Tenure is nothing more than due process. Simply put, it means that after the successful completion of a three year probationary period, educators must receive a hearing before they are disciplined or dismissed. At that hearing, just cause must be established for the discipline or dismissal to go forward.

Where there is no tenure or analogous due process, teachers are in an “at will” contract: they can be dismissed without a hearing, at any time and for almost any reason. Without tenure, a teacher could be dismissed for a whole host of causes completely unconnected to her performance of her job, from her political or social views to her personal life-style to a personality conflict with a supervisor. Most Americans would be surprised to learn that, after the recent ruling in Garcetti v. Ceballos, the Roberts’ Supreme Court does not recognize First Amendment protections of job related speech of public employees, so without tenure, public criticism of school district officials — such as the criticism one finds on this and other blogs — can be grounds for dismissal. Without tenure, a teacher’s only protections are the constitutional and legal prohibitions of a number of specifically defined instances of discrimination [e.g. racial and sexual discrimination.]

The New York State tenure law was first passed in 1917, and from its beginnings in the ferment around World War One, was understood as a bulwark for academic freedom. In 1980, it was extended to all K-12 public school educators in New York State.

During the three year probationary period, a teacher undergoes an intense evaluation process to determine if she is a satisfactory teacher. In New York City, Department of Education regulations require that a probationary teacher be formally observed a minimum of six times during a year. Approximately one-third of novice teachers in New York City public schools do not successfully complete probation, and are either dismissed or leave at some point during the three years.
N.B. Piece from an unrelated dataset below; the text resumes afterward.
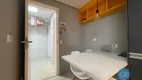 Foto 12 de Apartamento com 3 Quartos à venda, 156m² em Tatuapé, São Paulo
The most common misrepresentation of tenure, and one seized upon by Chancellor Klein, is the notion that it is a lifetime guarantee of a position, as if it were analogous to appointment to Supreme Court. In fact, there area number of well-established grounds for dismissal of tenured teachers — incompetence, insubordination, immoral character, physical or mental disability to perform the job, and neglect of duty, to name the more common — which are often used. All that tenure does is require the school district to demonstrate that these grounds actually exist.